Malachite frowns. “You understand the importance of the expedition to the White Kingdom, Sir?”

Lord-General Coronis leans forward. “You made it clear. Likewise, we can’t allow the expedition against the Necromancers to fail for lack of our support, whatever the false saint may feel about our Order and our services. I’ll make the determination of who to assign where once we know how the church responds to these revelations.” He leans back and tugs on his beard. “Nice work, by the way. I know you’re currently a wanted man. I’ll see what I can do about that as well, but I don’t expect miracles. Keep me informed.”

Tao and Malachite depart together, and Malachite is almost cheerful. They return through the gate to the small church, then wind walk to the rendezvous point. Mara is waiting for them there.

There is an uncomfortable silence as Mara and Malachite face each other in the heat, the slight desert wind ruffling their hair, the shadows under their feet small in the brilliant noon sunlight. Tao steps back.

Mara is the first to speak as she looks at the Hunter of the Dead worriedly. “You’re wanted by the church,” she ventures.

“Yes.” Says Malachite flatly.

“It’s my duty to arrest you and bring you to them,” she continues, looking him in the eye.

Malachite’s stance shifts subtly to a battle stance, and his gauntleted hand slides over to rest on the hilt of Aleax. He looks at Mara. “Do you intend to?”

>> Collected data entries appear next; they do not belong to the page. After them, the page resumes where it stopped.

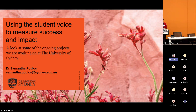Thank you all for coming to this session. I'm delighted to introduce Dr. Samantha Poulos, who's going to speak to us about using student voice to measure success and impact. We've got about 15 minutes of presentation then about five of Q&A, so join me in welcoming Samantha.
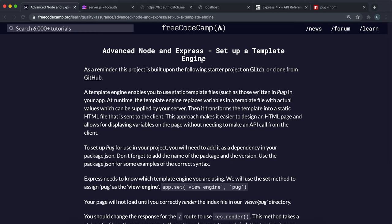We're going to look at how we can set up a template engine for our app. A template engine is basically a tool that can take in variables, and you can write some simple syntax in there. It'll put those variables in and create an HTML file for us, which we can then return to the user. The file is generated on our server and then returned to the user. The tool we're going to use is an NPM package called pug.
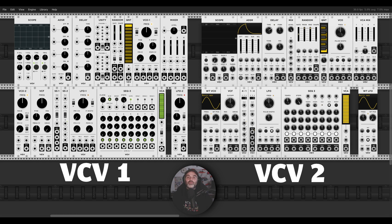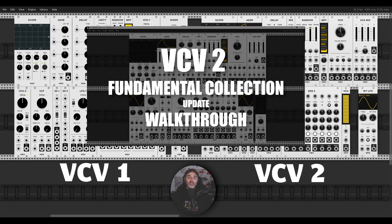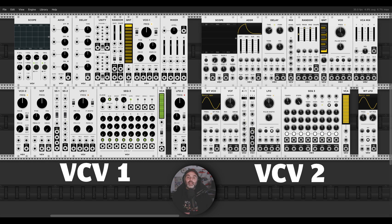A few weeks ago, VCV2 was released, and with it the so-called Fundamental Collection got also updated. Some modules look different, some modules have new features. So I created a sort of mini-series — it's about 40 minutes — where I go through some of the modules, compare the updated version with the VCV1 version, go through some of those new features, and there are also a few patch examples where I use those features in context.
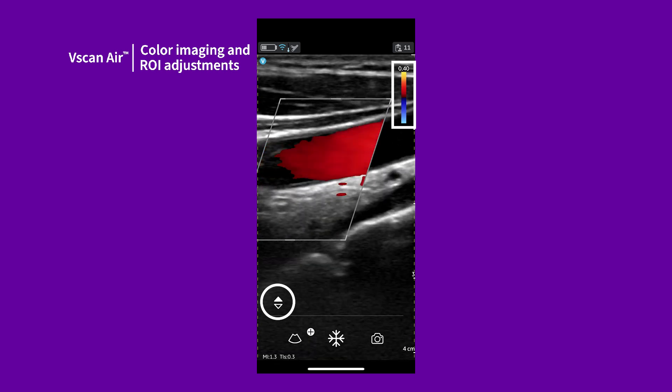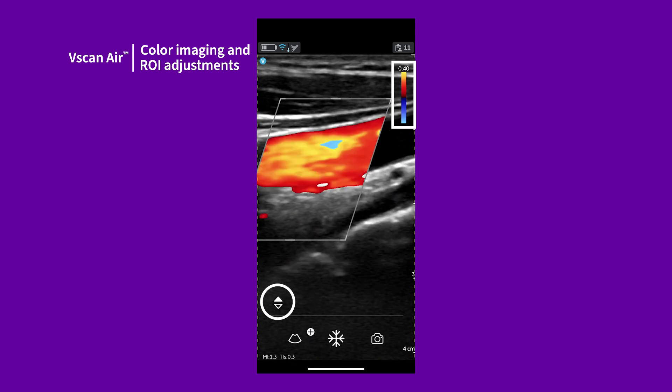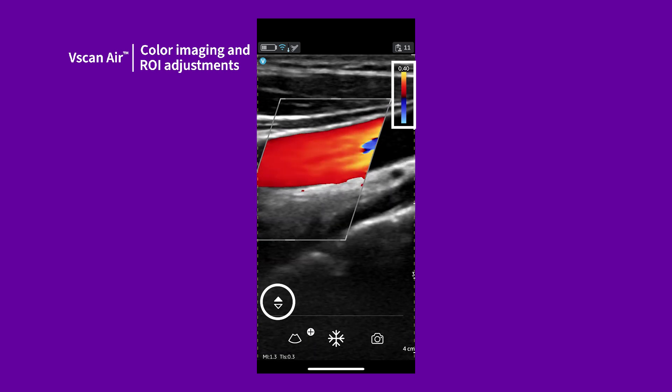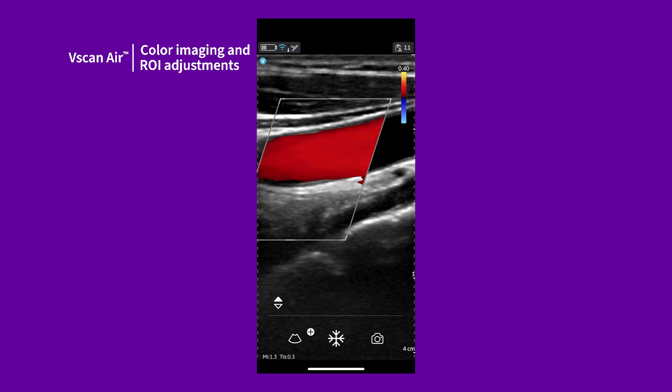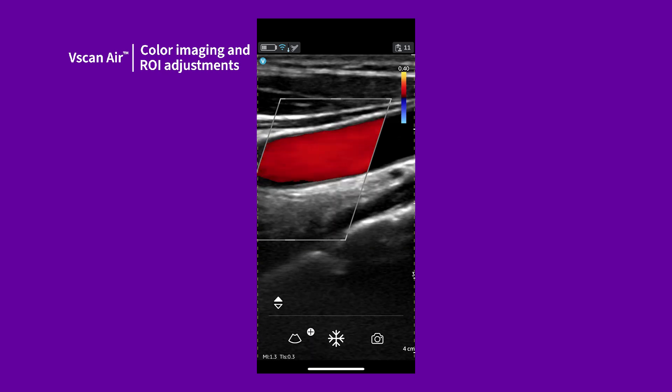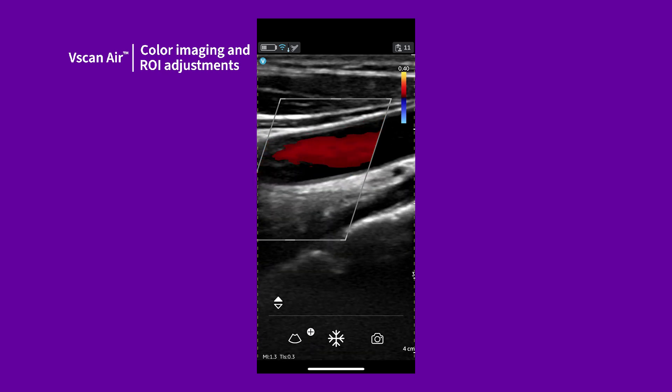This is useful for imaging venous flow in the extremities or renal flow. You can toggle between high and low velocity scales within a preset.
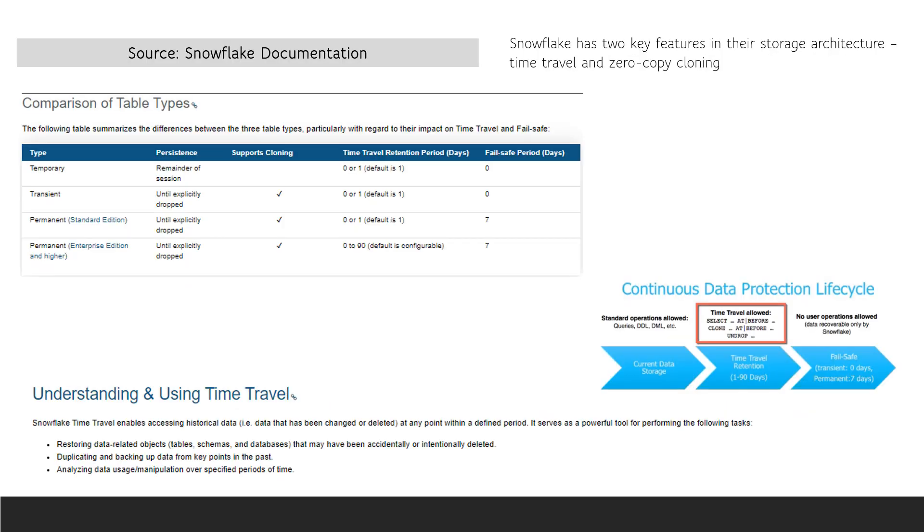Snowflake has two key features in their storage architecture: time travel and zero copy cloning. Both of these will be covered more in upcoming videos, but it's important to remember that external tables do not support cloning, time travel, or failsafe.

Mara looks at him, frustrated. “I have to! It’s my duty to the Church.”

“To the False Church,” interjects Malachite.

“To the Church,” corrects Mara.

“Then do your duty.”

Mara regards him. Then she smiles as an idea strikes her. “Malachite, you are under arrest, as ordered by the Church Militant. I am personally unable to take you in. Thus, you are now my responsibility and under my protection until such point as I deliver you to proper authorities.”

Malachite stays in battle-ready stance, thinking over the consequences of Mara’s action. He slowly removes his hand from his sword hilt. “That may be a while.”

Mara nods. “I know it might be. Until then, though, you are my prisoner. As befits your rank, I will not ask for your weapons.”

Malachite nods back and his body language begins to relax. “As long as you don’t hinder me in what I must do."

Mara relaxes as well. "We’re in this together, as we knew we must be.” Then, the demands of duty satisfied, they both turn their eyes towards Tao. Together, all three teleport across the continent back to Eversink.

To be continued….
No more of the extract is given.